Last weekend Munchkin #2 decided I needed a makeover.

“I don’t want to hurt your feelings, but Mom, you need a makeover,” she barfed out like I didn’t have an insecure bone in my body.

Don’t you love it when people say, “I don’t want to hurt your feelings, but…” and then finish with a hurtful comment, thinking it’s OK because they said they didn’t want to hurt you? If she weren’t my daughter, I would have kicked her in the knees.

We need to work on that lesson a little more, my child.

Unbeknownst to my hubby and me, M2 decided I needed a “date night with my husband.” Don’t you worry your pretty head because I’m almost positive she wasn’t saying I looked like I needed to “get me some.” I am looking forward to her teen years when her sassiness will go overboard and be horribly inappropriate.
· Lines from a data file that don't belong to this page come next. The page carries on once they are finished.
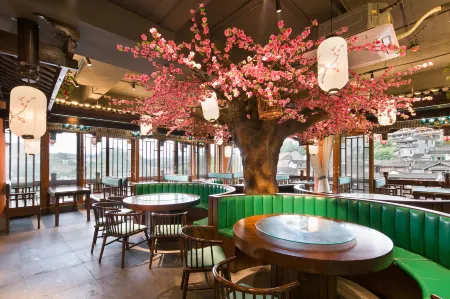 Floral Hotel Furong Town Galaxy Heights Hotel(Wangcun Waterfall Store) Отели рядом с достопримечательностью «Tusi Palace»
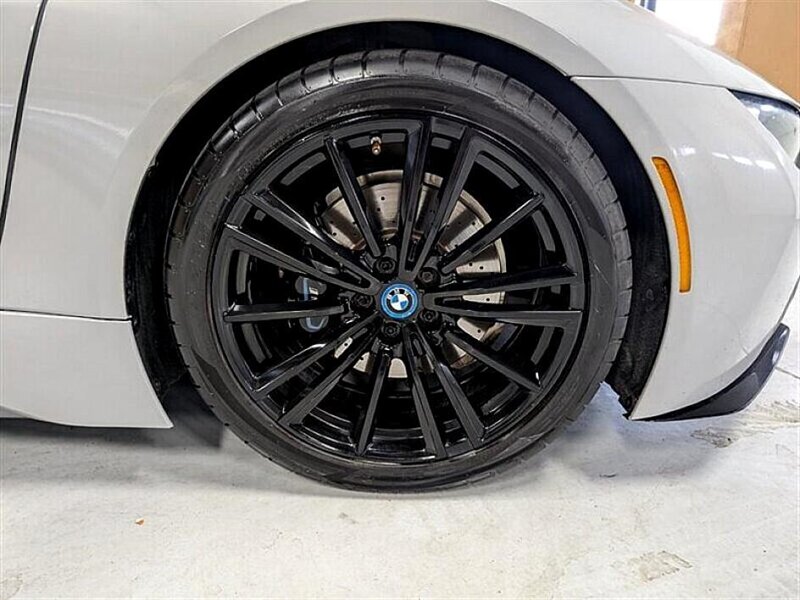 2019 BMW i8 - Photo 11 - St. George, UT 84770-2625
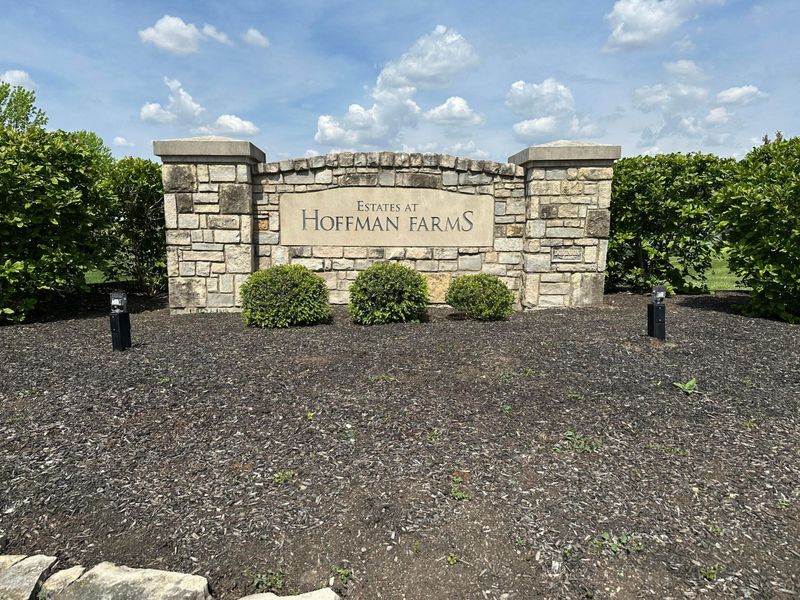 6073 BAUMEISTER Drive, Hilliard, OH 43026 Photo 2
Her plan was to get me fixed up for my big imaginary date. What harm could be done? My husband and other daughter were out for a few hours so she could perform her creative magic. She has been dabbling in stage makeup in some of her acting classes and wanted to practice her skills on her mother. How cute, right?

She sat me down in the bathroom and pulled out my makeup, and carefully applied my makeup.
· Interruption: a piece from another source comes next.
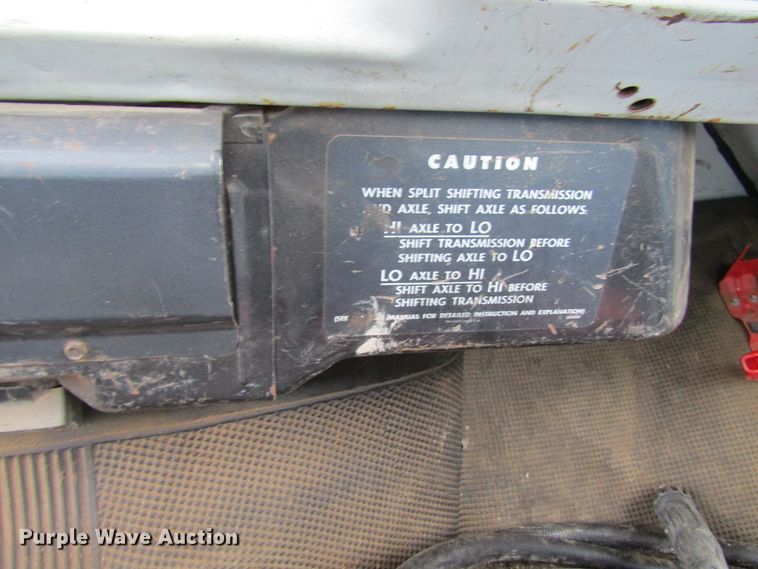 image for item FD9290 1972 Chevrolet C60 hydrovac truck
Then it was time for the hair. I didn’t want to judge, but sheesh! How many products could this child use on my head? I didn’t want to impede her progress, so I sat there trying not to laugh or wince.

Munchkin #2 then went into my closet and found a dress she thought would be perfect for my date. She instructed me to put it on while she was going to make her parents something special to eat in the kitchen.

That should have been my red flag.

Half a pound of sugar, cake sprinkles, water and 2 large packets of lemonade, she had our diabetic sludge cocktails ready. Really, a box of wine and a straw could have sufficed, but I didn’t want to disappoint.

The garage door grumbled and I could hear my other daughter and husband talking as they entered the house. I sat primed and ready for my hot date to view his new beauty.

“Come into the living room, Darling! Your youngest has given me a makeover!” I gleefully announced.

“What happened to you?” asked my hubby.

“I got a new style!” I said giving him my sexiest pose.

As my PeePaw used to say, "Get a stick and kill it!"

As my PeePaw used to say, “Get a stick and kill it!”

“Well, give it back!” he said walking into the next room.

After ten years of marriage, I’m proud to say we still got it! And the great thing is…when questioned on my look – hubby wants me back in my old uniform.

Yoga pants it is!!

(previously posted on NML in October 2013)

Do your kids do this crazy stuff to you? What’s the weirdest costume or look they have done to you?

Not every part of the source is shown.